En la lejana infancia en la que los chicos de San Sebastián aprendíamos a tocar instrumentos de pulso y púa, a la espera del turno de pelado, se popularizó una canción boliviana de Gilberto Rojas, titulada Las palmeras, y su corpulento intérprete, Alberto Cortez. Tiempo después, el cantor argentino quedó integrado en el imaginario colectivo de mi generación con temas propios, letras y refranes del acervo popular y poemas de los autores que, entre el 98 y el 27, dieron lustre y gloria al idioma castellano.

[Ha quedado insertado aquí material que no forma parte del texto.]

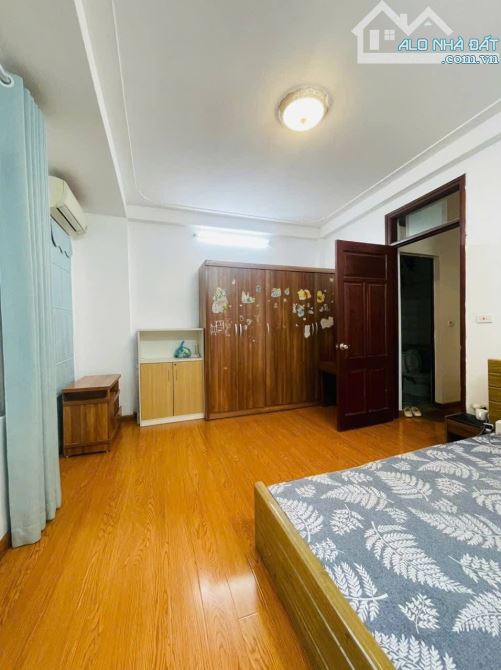 Bán nhà Quang Trung 35m2 5T ô tô kinh doanh gần chợ chỉ hơn 7 tỷ - 2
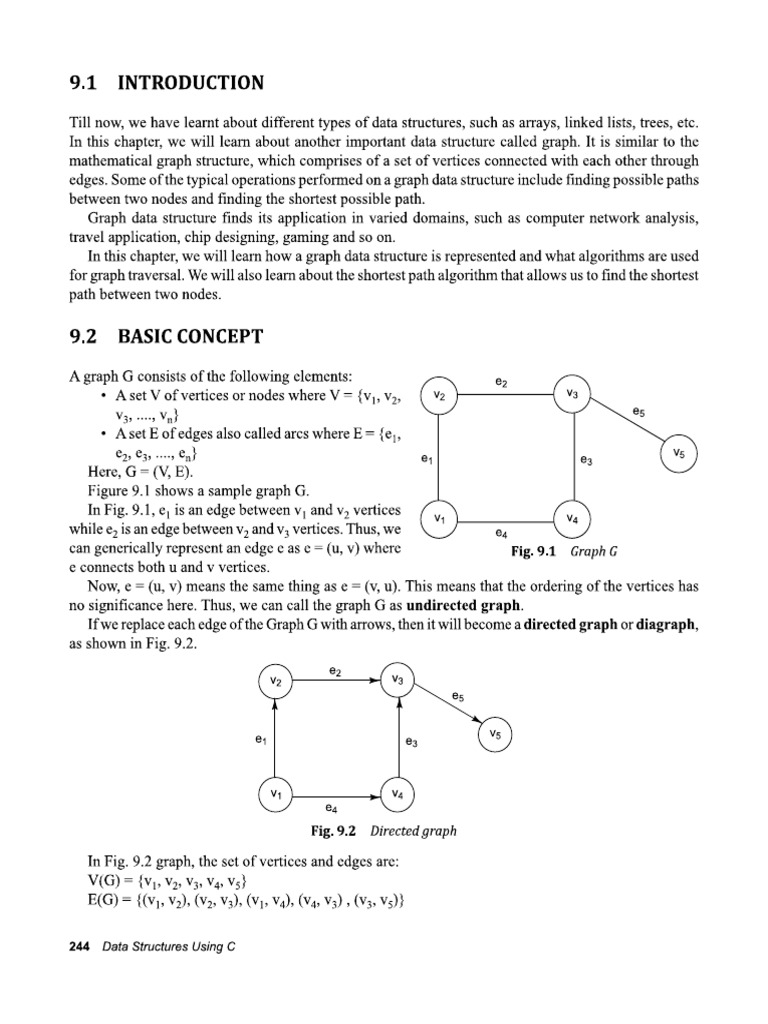 Graph | PDF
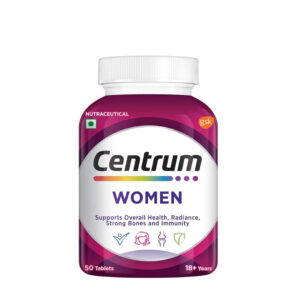 Centrum Women Multivatimin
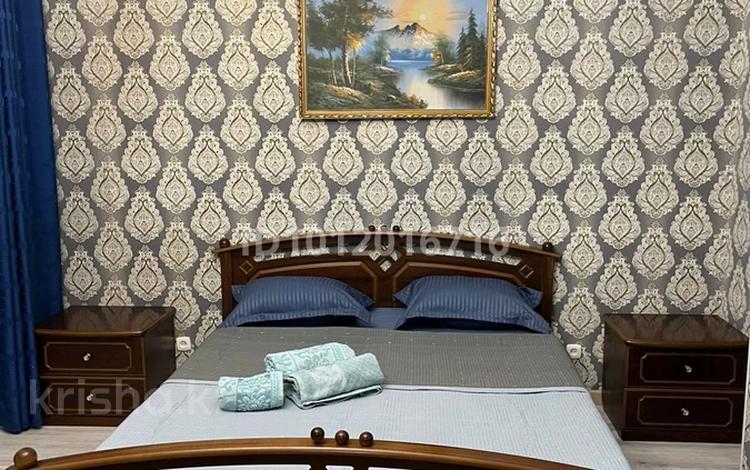 1-бөлмелі пәтер · 54 м² · 9/12 қабат, ул. Сарайшык 34 — Байтерек, Керуен Абу Даби плаза пересечение Конаева, бағасы: 17 000 ₸ в Астане, Есильский р-н — фото 2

La música ligera y bailable quedó en el baúl de la memoria y emergió un exitoso protagonista de recitales donde el público pedía algo más que temas de moda; una presencia poderosa que arrancaba con fuerza y, entre palabras cómplices y canciones emblemáticas, dejaba en los espectadores algo más, quizás mucho más, que un rato de nostalgia complacida. En la vida y el recuerdo fue y representó mucho más que una moda o un elemento activo de la ola suramericana que, para bien, nos colonizó en las tres últimas décadas del siglo XX.

Hace un año llenó el Guimerá y, en un sobrecogedor silencio, caminó con dificultad y apoyado en su pianista, el genial Fernando Badía, desde un lateral al centro del escenario en busca de un sillón, un atril con guiones y partituras y un vaso de agua. Tras la primera impresión, el aplauso cerrado, la proyección de la voz con el color de antaño, la emoción intacta, la comunicación directa y personal en un teatro abarrotado, y la sabiduría en la administración de los recursos, facultad exclusiva de los grandes, nos enseñó la capital lección de crecer sentado que conté en esta misma columna en la primavera pasada.

"A mis amigos les adeudo la ternura / y las palabras de aliento y el abrazo / el compartir con todos ellos la factura / que nos presenta la vida paso a paso€". En cuanto soltó el barco de papel de Jorge Guillén entramos todos en un viaje amable de dos horas, en la convicción de un hito irrepetible que nos devolvía sabores apacibles del pasado y sutiles señas del futuro incierto, una agridulce sensación de debut y despedida que Cortez nos regaló con palabras propias y ajenas apropiadas, como hizo siempre, para su gloria y nuestro gozo. Un año después.